Netgate Discussion Forum
    • Categories
    • Recent
    • Tags
    • Popular
    • Users
    • Search
    • Register
    • Login

    Netgate 6100 LAN crashes

    Scheduled Pinned Locked Moved Official Netgate® Hardware
    10 Posts 4 Posters 313 Views
    Loading More Posts
    • Oldest to Newest
    • Newest to Oldest
    • Most Votes
    Reply
    • Reply as topic
    Log in to reply
    This topic has been deleted. Only users with topic management privileges can see it.
    • N
      Nightwolf
      last edited by

      Dear all,

      I replaced a perfectly working HP blade with a Netgate 6100 for two reasons:
      Reduce power consumption.
      Use an SFP port, which was essential for the ISP; the blade was too old.
      The router is no longer under warranty.

      My infrastructure is nothing special, everything was fine with the blade, but the 6100 has the LAN that randomly goes unresponsive about 2-3 times per day.

      The router is 100% up to date (OS, patches and all packages).

      I tried disabling packages one by one without success.
      I also tried disabling all packages, without success.
      I also tried disabling WAN failover, without success.
      I tried uninstalling all packages except HAPROXY for production reasons, still without success.
      I tried reset to factory default 3 times

      I can't find in the logs what's causing the crash, especially since the Wi-Fi is responding correctly and is configured like the LAN, except for the transparent proxy. The client retrieves an IP address from the Netgate's DHCP and can access the internet; however, LAN resources are inaccessible.
      The GUI interface is accessible via the WAN (public IP restrictions allowed) but is very slow.
      The GUI interface is no longer accessible via the LAN when it crashes, and no traffic works between the LAN and the router.
      Only restarting the Netgate resolves the problem; sometimes you have to restart it twice in a row.
      It works for a few hours, then crashes again.

      I've been in this situation since March 2025, and I can't take it anymore.
      I thank in advance anyone who can help me.

      Schema.jpg
      Services.png
      Interfaces.png
      GW.png GW WAN.png
      Health.png

      GertjanG 1 Reply Last reply Reply Quote 0
      • GertjanG
        Gertjan @Nightwolf
        last edited by Gertjan

        @Nightwolf

        First, export your pfSense config.This allows you to go 'back in time' and find a known situation with one click.

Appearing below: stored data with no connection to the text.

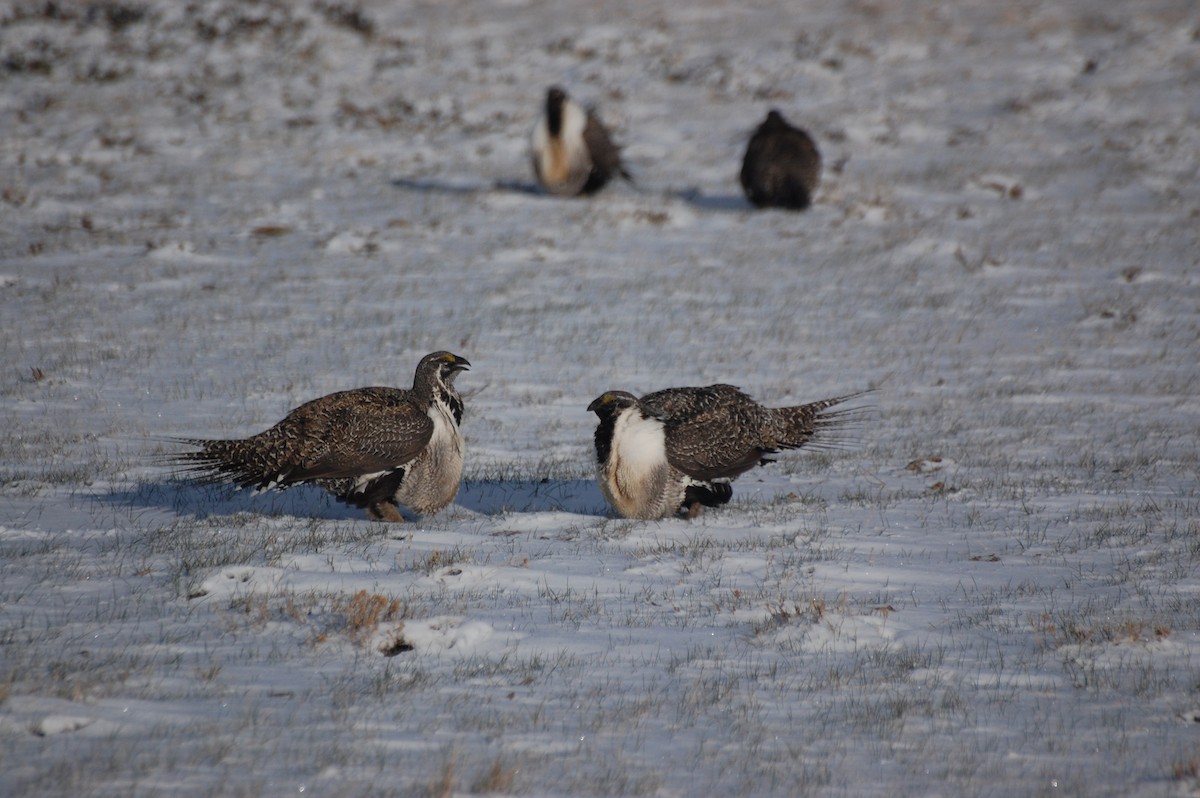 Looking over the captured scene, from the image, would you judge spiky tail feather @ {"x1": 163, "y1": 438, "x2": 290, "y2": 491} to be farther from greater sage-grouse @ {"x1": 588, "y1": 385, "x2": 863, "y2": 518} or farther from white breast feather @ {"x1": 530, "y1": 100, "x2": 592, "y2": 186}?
white breast feather @ {"x1": 530, "y1": 100, "x2": 592, "y2": 186}

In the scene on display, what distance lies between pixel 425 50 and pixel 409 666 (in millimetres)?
24206

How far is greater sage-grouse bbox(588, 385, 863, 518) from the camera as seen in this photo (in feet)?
22.8

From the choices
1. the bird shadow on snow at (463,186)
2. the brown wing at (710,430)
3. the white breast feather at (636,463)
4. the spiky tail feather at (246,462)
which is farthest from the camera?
the bird shadow on snow at (463,186)

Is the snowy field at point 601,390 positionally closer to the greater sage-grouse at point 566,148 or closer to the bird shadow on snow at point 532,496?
the bird shadow on snow at point 532,496

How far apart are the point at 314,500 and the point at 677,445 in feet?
7.85

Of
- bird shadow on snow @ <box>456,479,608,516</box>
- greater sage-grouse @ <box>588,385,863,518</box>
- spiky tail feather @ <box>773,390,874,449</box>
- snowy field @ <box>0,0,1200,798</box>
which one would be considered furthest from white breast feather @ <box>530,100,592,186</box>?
greater sage-grouse @ <box>588,385,863,518</box>

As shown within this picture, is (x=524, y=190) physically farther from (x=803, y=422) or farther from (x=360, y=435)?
(x=360, y=435)

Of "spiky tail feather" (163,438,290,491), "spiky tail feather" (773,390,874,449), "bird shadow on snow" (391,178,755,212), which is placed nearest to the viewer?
"spiky tail feather" (163,438,290,491)

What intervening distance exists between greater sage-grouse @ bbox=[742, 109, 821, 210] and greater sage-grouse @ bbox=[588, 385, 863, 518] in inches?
384

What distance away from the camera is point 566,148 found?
17.5m

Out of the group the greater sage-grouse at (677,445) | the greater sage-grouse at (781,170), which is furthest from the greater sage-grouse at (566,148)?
the greater sage-grouse at (677,445)

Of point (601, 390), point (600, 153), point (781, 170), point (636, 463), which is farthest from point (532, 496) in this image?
point (600, 153)

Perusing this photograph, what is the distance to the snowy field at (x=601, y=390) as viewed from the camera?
164 inches

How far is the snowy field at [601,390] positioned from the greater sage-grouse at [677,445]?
0.23 meters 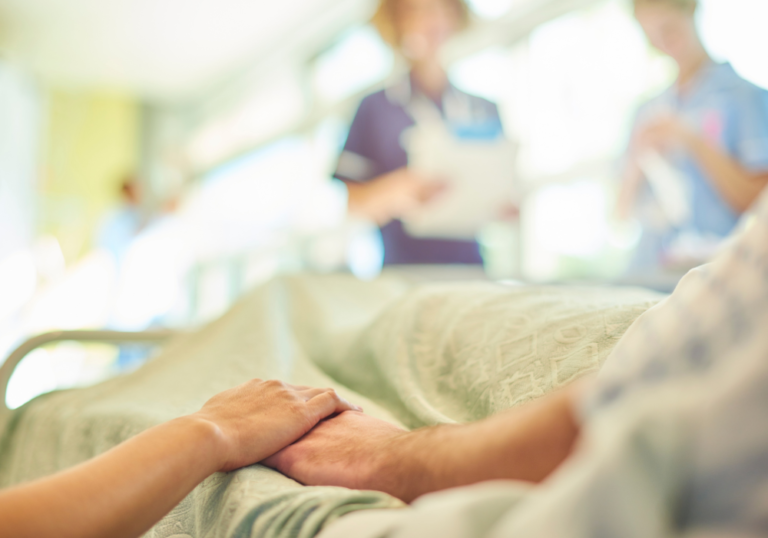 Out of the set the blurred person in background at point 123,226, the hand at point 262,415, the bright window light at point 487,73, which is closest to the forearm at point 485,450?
the hand at point 262,415

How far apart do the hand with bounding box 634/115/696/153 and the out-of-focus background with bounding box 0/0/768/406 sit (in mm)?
290

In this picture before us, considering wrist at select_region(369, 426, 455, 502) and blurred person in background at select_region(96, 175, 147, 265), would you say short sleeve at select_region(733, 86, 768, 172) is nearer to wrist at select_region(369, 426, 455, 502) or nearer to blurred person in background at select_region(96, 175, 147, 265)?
wrist at select_region(369, 426, 455, 502)

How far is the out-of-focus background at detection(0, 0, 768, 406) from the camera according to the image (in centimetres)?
284

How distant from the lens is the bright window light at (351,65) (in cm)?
423

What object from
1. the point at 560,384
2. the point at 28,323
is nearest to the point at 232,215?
the point at 28,323

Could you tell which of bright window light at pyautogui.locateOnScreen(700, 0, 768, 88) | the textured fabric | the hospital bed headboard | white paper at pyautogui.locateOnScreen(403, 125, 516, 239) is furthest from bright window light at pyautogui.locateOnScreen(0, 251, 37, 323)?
the textured fabric

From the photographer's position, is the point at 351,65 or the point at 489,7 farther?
the point at 351,65

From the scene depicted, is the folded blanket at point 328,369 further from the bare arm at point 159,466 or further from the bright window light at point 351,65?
the bright window light at point 351,65

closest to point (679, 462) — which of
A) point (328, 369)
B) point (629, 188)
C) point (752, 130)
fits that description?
point (328, 369)

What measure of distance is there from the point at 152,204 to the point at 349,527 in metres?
6.02

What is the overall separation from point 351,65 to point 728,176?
328cm

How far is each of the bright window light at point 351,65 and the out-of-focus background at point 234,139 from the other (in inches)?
0.6

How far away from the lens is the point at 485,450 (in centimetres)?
49

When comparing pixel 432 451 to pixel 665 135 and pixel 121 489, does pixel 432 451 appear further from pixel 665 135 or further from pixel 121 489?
pixel 665 135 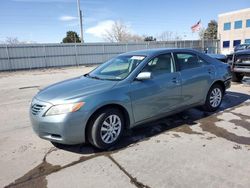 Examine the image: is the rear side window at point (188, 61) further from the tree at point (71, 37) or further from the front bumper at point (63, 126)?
the tree at point (71, 37)

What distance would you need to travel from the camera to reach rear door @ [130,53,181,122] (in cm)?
384

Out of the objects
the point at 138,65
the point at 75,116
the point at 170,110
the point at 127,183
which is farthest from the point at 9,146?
the point at 170,110

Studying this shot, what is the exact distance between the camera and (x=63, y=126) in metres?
3.22

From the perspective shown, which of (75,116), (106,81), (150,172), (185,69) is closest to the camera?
(150,172)

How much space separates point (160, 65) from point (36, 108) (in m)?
2.31

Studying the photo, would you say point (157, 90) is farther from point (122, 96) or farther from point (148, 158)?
point (148, 158)

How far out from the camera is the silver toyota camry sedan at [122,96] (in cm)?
329

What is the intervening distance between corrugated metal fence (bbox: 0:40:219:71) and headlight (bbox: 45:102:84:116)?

        Next : remove 'useless' stuff that can eat loads of resource while offering real gain :
        I'll rephrase : go "clean machine" : make it look like the day you received it. The '6100' ou of the box experience is a 24h/24 service guaranteed and 'interruptions' are not on the feature list.
        So, exit : ntopng squid suricata as these are known to be very able in destroying your emmc drive as they can produce huge quantities of data (I presume you don't have the MAX version). You can keep pfBlockerng, just 'stop' it.

        You have your WAN marked as active, but no speed ? Do you need it ? Isn't the WAN_4G enough ?
        Remember : you, as the admin, your mission is : keep pfSense interface up, no matter what. Every time an interface goes down, or up, loads of processes gets restarted, and this takes time. Keep you pfSense happy and humming. If needed : give it an UPS, and all the attached devices (switches, upstream routers) also : UPS. So no more flapping interfaces, no more process restarts.

        Restart.

        From now on, forget about the dashboard, as that's the page you look at when all is fine. So, you actually never look at it, as when all is fine, it's becomes boring really fast.
        The page that a admins are always looking at : this one : Status > System Logs > System > General as the logs tell you when things are ok, and also when things go wrong.
        Tell us what you see, what interrogates you, and we'll tell you what is ok, suspect, not ok etc.

        Btw : I also use the captive portal for my hotel. No issues.

        edit : it shows an issue. You saw the gap in the stats ? Last friday, 50 km further away, somebody dug a hole a bit to deep and destroyed a fiber cable, half the department (50k+ people) were cut of for 40+hours. No more Internet. and no more cash distributors, no more credit cards payments .... things went downhill fast. Only "cash" worked.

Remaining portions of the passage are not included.